Growing numbers of foreign merchants in Manila spurred the
integration of the Philippines into an international commercial
system linking industrialized Europe and North America with
sources of raw materials and markets in the Americas and Asia. In
principle, non-Spanish Europeans were not allowed to reside in
Manila or elsewhere in the islands, but in fact British,
American, French, and other foreign merchants circumvented this
prohibition by flying the flags of Asian states or conniving with
local officials. In 1834 the crown abolished the Royal Company of
the Philippines and formally recognized free trade, opening the
port of Manila to unrestricted foreign commerce.
By 1856 there were thirteen foreign trading firms in Manila,
of which seven were British and two American; between 1855 and
1873 the Spanish opened new ports to foreign trade, including
Iloilo on Panay, Zamboanga in the western portion of Mindanao,
Cebu on Cebu, and Legaspi in the Bicol area of southern Luzon.

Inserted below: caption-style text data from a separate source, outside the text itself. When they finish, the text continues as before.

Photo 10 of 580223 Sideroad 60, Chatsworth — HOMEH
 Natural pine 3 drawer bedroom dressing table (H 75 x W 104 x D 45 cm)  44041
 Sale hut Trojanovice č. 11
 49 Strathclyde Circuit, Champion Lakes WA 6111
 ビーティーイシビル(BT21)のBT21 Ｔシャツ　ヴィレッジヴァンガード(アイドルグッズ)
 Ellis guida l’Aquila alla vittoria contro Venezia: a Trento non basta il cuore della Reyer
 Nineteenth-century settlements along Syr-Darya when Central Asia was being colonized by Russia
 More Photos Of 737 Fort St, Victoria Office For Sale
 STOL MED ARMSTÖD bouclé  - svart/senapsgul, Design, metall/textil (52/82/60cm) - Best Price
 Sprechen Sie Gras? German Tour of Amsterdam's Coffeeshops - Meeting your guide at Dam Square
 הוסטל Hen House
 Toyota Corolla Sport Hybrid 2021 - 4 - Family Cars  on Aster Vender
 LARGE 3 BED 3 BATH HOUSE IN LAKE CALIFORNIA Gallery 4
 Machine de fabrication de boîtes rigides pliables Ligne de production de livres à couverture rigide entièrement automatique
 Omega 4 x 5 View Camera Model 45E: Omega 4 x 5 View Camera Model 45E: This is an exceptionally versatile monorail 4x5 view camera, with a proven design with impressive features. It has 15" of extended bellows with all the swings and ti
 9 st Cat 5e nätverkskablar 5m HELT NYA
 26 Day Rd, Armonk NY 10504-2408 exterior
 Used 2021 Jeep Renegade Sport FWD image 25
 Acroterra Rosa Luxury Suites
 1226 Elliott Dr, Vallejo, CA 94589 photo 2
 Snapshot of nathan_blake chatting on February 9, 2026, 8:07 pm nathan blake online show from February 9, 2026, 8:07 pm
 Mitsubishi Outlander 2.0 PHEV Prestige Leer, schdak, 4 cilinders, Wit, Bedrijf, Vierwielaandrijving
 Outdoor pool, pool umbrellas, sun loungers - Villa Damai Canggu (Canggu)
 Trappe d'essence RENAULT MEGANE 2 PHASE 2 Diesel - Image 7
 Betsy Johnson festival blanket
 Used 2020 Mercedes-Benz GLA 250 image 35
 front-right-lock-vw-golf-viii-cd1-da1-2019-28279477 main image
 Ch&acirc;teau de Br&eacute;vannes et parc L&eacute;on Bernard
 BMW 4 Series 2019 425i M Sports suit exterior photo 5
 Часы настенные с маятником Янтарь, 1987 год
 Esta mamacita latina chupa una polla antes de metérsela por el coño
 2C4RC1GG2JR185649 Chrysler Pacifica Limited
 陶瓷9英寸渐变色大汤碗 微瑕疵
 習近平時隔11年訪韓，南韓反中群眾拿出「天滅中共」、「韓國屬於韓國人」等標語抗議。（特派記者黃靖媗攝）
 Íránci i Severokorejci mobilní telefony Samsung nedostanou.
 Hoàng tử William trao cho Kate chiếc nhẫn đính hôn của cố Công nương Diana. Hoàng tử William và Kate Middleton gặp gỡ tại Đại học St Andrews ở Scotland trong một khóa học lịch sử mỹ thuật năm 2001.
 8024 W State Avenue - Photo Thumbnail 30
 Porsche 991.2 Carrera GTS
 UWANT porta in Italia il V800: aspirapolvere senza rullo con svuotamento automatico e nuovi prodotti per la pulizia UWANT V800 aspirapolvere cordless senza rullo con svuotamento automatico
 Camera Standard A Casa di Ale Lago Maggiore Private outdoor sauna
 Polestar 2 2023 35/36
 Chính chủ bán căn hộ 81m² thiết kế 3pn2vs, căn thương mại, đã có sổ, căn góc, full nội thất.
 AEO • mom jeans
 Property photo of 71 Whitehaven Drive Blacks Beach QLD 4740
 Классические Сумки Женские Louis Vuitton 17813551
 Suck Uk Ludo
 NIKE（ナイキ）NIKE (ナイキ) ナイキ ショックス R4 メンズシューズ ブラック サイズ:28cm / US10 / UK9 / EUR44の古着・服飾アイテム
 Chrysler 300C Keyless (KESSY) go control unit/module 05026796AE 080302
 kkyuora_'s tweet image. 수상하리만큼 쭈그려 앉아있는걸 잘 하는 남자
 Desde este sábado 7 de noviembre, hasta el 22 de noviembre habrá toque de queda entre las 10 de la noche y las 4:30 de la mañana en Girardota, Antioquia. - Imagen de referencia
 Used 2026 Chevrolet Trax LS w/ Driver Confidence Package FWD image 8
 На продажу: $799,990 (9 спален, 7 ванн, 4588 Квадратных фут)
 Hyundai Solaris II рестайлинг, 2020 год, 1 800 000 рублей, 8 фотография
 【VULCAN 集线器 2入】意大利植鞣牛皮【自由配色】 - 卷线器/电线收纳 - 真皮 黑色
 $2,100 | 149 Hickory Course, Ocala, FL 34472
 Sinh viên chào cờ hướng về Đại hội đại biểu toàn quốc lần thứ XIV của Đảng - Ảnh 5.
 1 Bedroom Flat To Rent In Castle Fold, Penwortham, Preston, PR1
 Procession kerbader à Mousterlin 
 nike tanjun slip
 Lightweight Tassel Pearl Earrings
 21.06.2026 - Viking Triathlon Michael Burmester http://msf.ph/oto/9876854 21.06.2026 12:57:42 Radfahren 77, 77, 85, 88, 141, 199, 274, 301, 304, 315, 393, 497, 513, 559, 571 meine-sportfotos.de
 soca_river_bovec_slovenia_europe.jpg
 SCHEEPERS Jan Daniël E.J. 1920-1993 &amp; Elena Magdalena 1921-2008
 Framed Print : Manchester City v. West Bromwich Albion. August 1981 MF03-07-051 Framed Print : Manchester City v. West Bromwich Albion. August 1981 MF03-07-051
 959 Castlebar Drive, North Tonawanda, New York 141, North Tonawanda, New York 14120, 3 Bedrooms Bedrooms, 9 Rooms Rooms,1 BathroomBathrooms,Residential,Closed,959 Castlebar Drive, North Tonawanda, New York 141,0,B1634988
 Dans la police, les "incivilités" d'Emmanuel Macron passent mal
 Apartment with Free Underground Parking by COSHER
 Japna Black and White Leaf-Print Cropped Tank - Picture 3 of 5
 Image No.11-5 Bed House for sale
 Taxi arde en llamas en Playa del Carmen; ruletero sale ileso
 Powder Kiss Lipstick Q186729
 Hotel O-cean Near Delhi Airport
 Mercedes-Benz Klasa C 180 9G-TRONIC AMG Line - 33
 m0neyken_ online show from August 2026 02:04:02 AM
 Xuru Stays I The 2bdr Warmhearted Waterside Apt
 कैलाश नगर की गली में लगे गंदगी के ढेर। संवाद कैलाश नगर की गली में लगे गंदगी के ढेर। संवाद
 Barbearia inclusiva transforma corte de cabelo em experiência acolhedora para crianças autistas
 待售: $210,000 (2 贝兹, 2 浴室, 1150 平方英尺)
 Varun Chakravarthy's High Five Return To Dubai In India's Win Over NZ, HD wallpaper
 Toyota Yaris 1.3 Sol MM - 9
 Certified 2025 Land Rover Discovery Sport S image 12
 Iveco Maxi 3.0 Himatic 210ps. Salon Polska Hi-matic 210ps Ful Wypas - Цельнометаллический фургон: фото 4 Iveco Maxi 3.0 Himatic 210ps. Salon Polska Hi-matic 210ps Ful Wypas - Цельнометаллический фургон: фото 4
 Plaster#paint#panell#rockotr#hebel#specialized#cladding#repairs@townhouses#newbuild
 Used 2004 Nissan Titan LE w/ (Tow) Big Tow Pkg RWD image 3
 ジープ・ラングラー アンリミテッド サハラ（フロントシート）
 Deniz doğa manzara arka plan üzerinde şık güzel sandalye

The growing prominence of steam over sail navigation and the
opening of the Suez Canal in 1869 contributed to spectacular
increases in the volume of trade. In 1851 exports and imports
totaled some US$8.2 million; ten years later, they had risen to
US$18.9 million and by 1870 were US$53.3 million. Exports alone
grew by US$20 million between 1861 and 1870. British and United
States merchants dominated Philippine commerce, the former in an
especially favored position because of their bases in Singapore,
Hong Kong, and the island of Borneo.
By the late nineteenth century, three crops--tobacco, abaca,
and sugar--dominated Philippine exports. The government monopoly
on tobacco had been abolished in 1880, but Philippine cigars
maintained their high reputation, popular throughout Victorian
parlors in Britain, the European continent, and North America.
Because of the growth of worldwide shipping, Philippine abaca,
which was considered the best material for ropes and cordage,
grew in importance and after 1850 alternated with sugar as the
islands' most important export. Americans dominated the abaca
trade; raw material was made into rope, first at plants in New
England and then in the Philippines. Principal regions for the
growing of abaca were the Bicol areas of southeastern Luzon and
the eastern portions of the Visayan Islands.
Sugarcane had been produced and refined using crude methods
at least as early as the beginning of the eighteenth century. The
opening of the port of Iloilo on Panay in 1855 and the
encouragement of the British vice consul in that town, Nicholas
Loney (described by a modern writer as "a one-man whirlwind of
entrepreneurial and technical innovation"), led to the
development of the previously unsettled island of Negros as the
center of the Philippine sugar industry, exporting its product to
Britain and Australia. Loney arranged liberal credit terms for
local landlords to invest in the new crop, encouraged the
migration of labor from the neighboring and overpopulated island
of Panay, and introduced stream-driven sugar refineries that
replaced the traditional method of producing low-grade sugar in
loaves. The population of Negros tripled. Local "sugar barons"---
the owners of the sugar plantations--became a potent political
and economic force by the end of the nineteenth century.